From the entries below, retype only the lines from the one with "Trendyol AVM Para" through the one with "BENZETİM Sistemlerde Rassallık", exactly as written.

**SOURCE MATERIAL**

== == ==

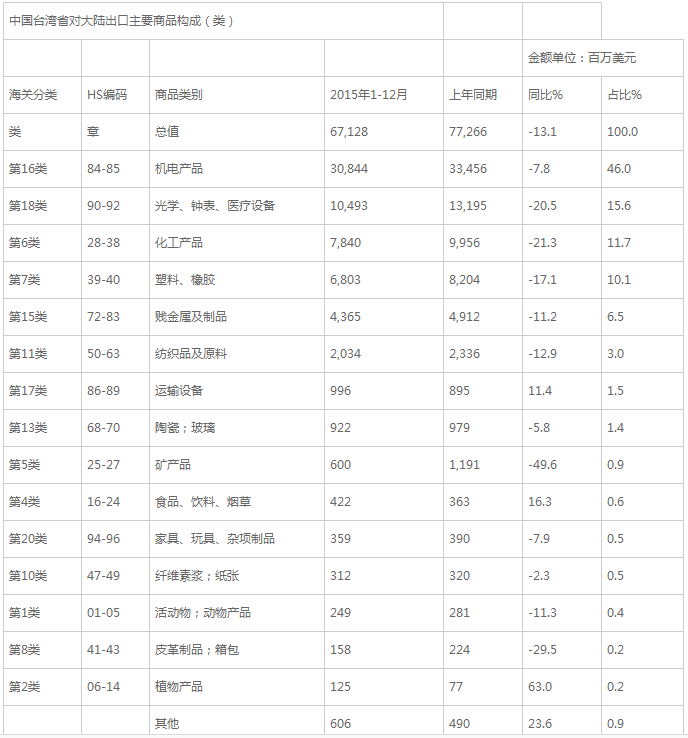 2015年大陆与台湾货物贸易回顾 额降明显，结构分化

== == ==

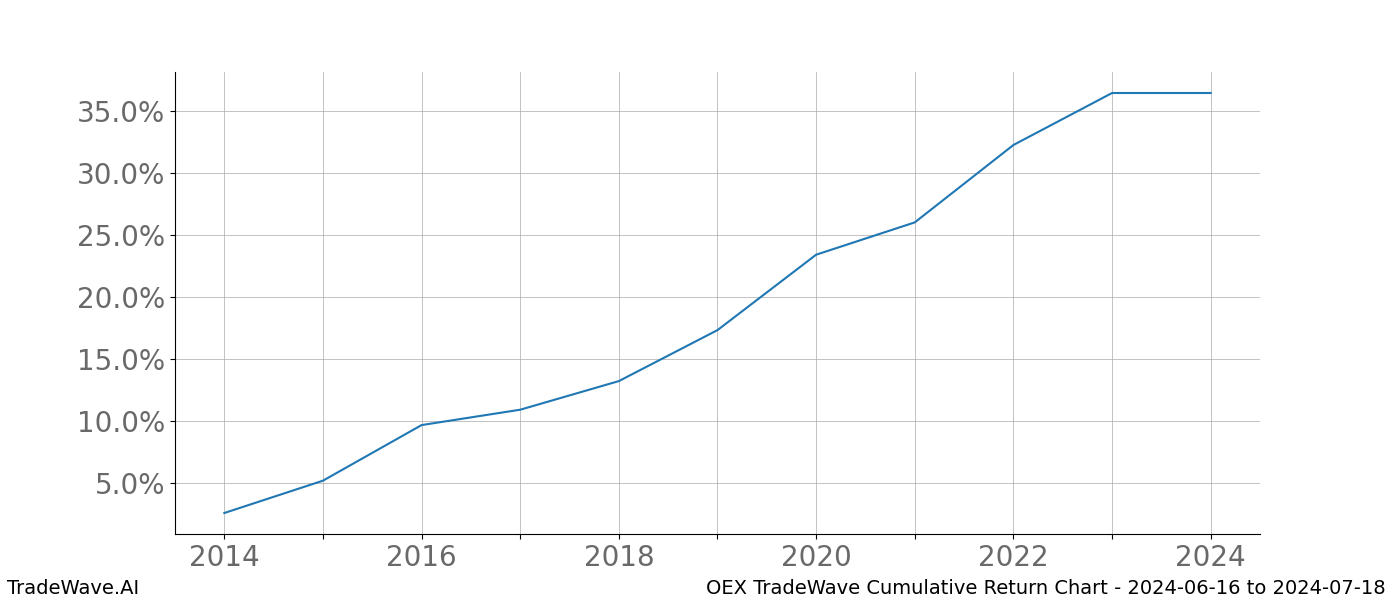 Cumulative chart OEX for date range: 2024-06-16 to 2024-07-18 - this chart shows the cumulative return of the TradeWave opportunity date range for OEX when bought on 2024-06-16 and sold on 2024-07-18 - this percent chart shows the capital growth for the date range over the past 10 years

== == ==

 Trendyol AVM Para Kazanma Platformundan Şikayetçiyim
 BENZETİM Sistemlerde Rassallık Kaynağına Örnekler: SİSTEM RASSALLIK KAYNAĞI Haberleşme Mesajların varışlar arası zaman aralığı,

== == ==

**EXERCISE ANSWER**
 Trendyol AVM Para Kazanma Platformundan Şikayetçiyim
 BENZETİM Sistemlerde Rassallık Kaynağına Örnekler: SİSTEM RASSALLIK KAYNAĞI Haberleşme Mesajların varışlar arası zaman aralığı,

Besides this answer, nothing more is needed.